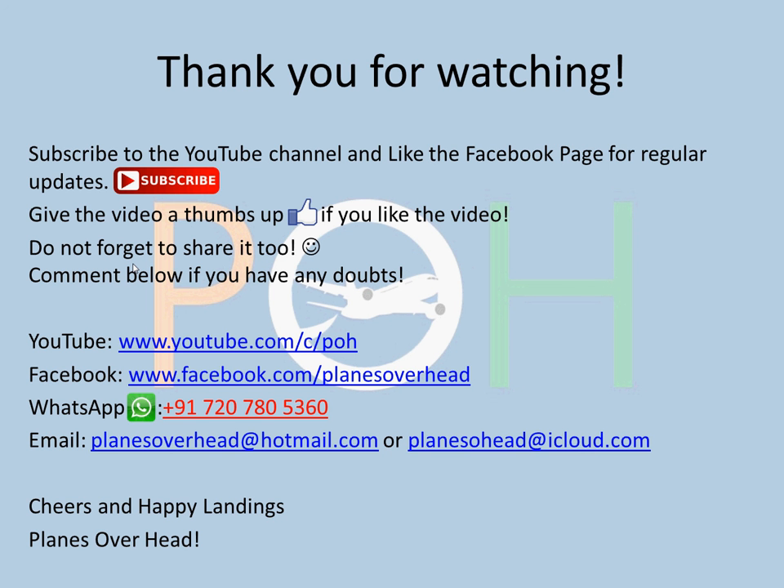Comment below if you have any doubts. You can always reach me on the links provided — WhatsApp, email, Facebook, or YouTube. Cheers and happy landings, guys. Have a great day. Bye.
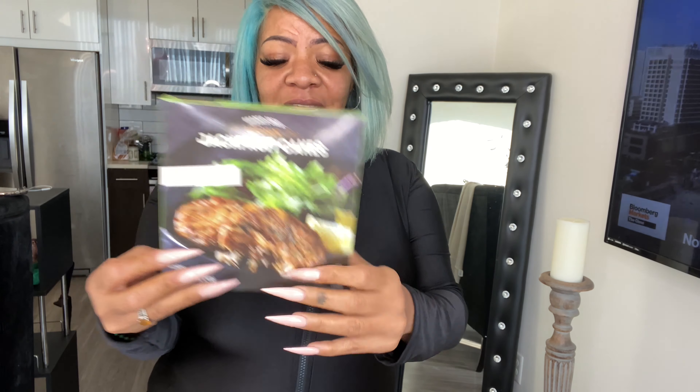My experience at Trader Joe's was not that great — y'all seen that on the blog — but I did grab this product and I wanted to try it. This is the vegan jackfruit crabless cake. It looked pretty good and I want to try it.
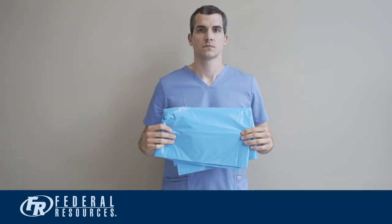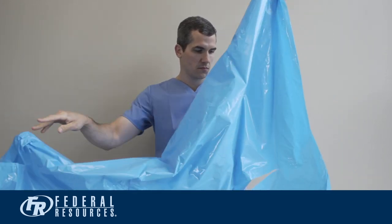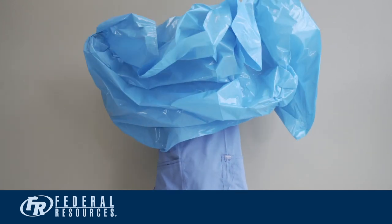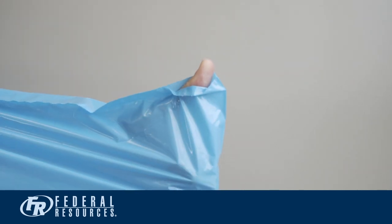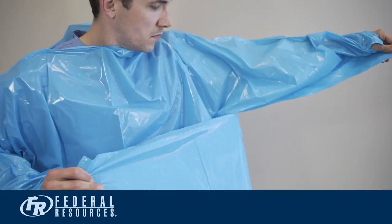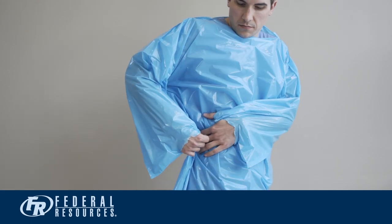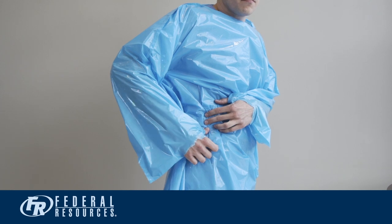Once your hands are dry, you are ready to don your gown. Visually check your gown for defects. If no defects are discovered, place your gown over your head and insert your arms into the sleeves. Insert your thumb into the thumb holes and push your hands through the end of the sleeves. Tear the sleeve perforations to separate the sleeves from the body of the gown. Secure the side flaps on the back or side of the gown with an adhesive label or tape.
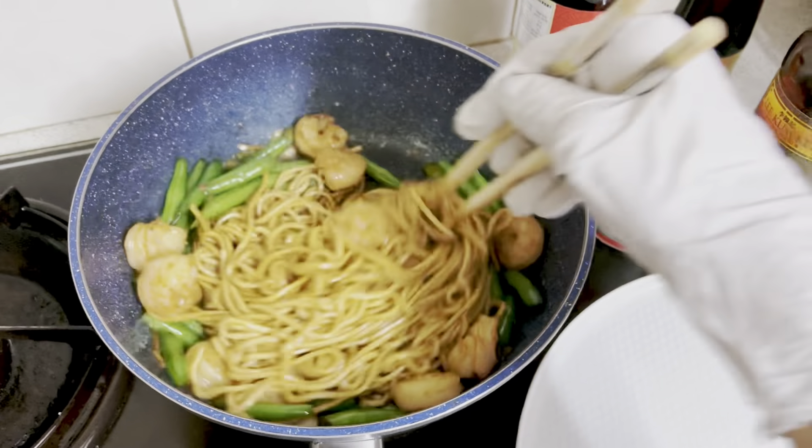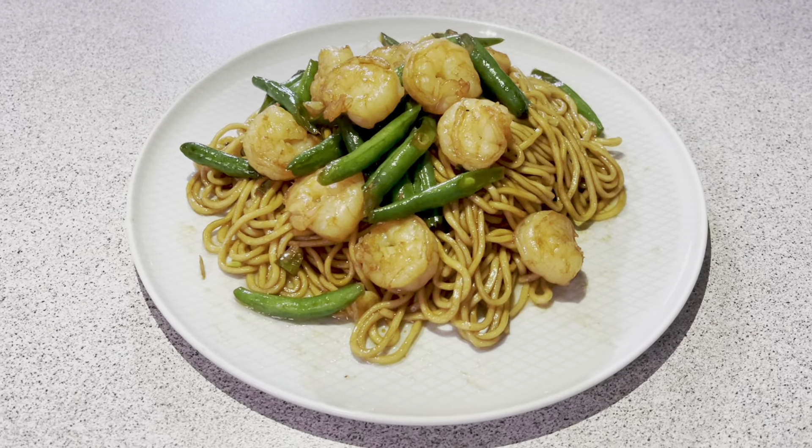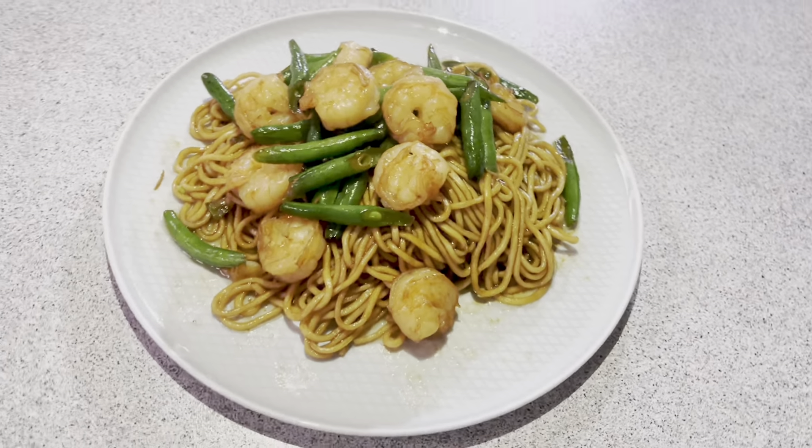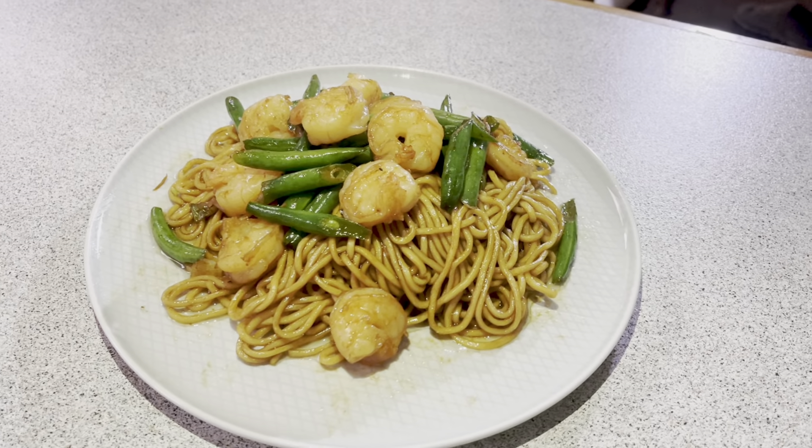And then I'll put it in the oven. It will take a little bit of salt. I will put it in the oven, and you can start with the oven. It will take a couple of minutes.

******************************

### What this task involves
Since the pictures are not wanted, transcribe only the rest of the material above, exactly as it stands.

### Result of the task
Comment below if you have any doubts. You can always reach me on the links provided — WhatsApp, email, Facebook, or YouTube. Cheers and happy landings, guys. Have a great day. Bye.
My experience at Trader Joe's was not that great — y'all seen that on the blog — but I did grab this product and I wanted to try it. This is the vegan jackfruit crabless cake. It looked pretty good and I want to try it.
Once your hands are dry, you are ready to don your gown. Visually check your gown for defects. If no defects are discovered, place your gown over your head and insert your arms into the sleeves. Insert your thumb into the thumb holes and push your hands through the end of the sleeves. Tear the sleeve perforations to separate the sleeves from the body of the gown. Secure the side flaps on the back or side of the gown with an adhesive label or tape.
And then I'll put it in the oven. It will take a little bit of salt. I will put it in the oven, and you can start with the oven. It will take a couple of minutes.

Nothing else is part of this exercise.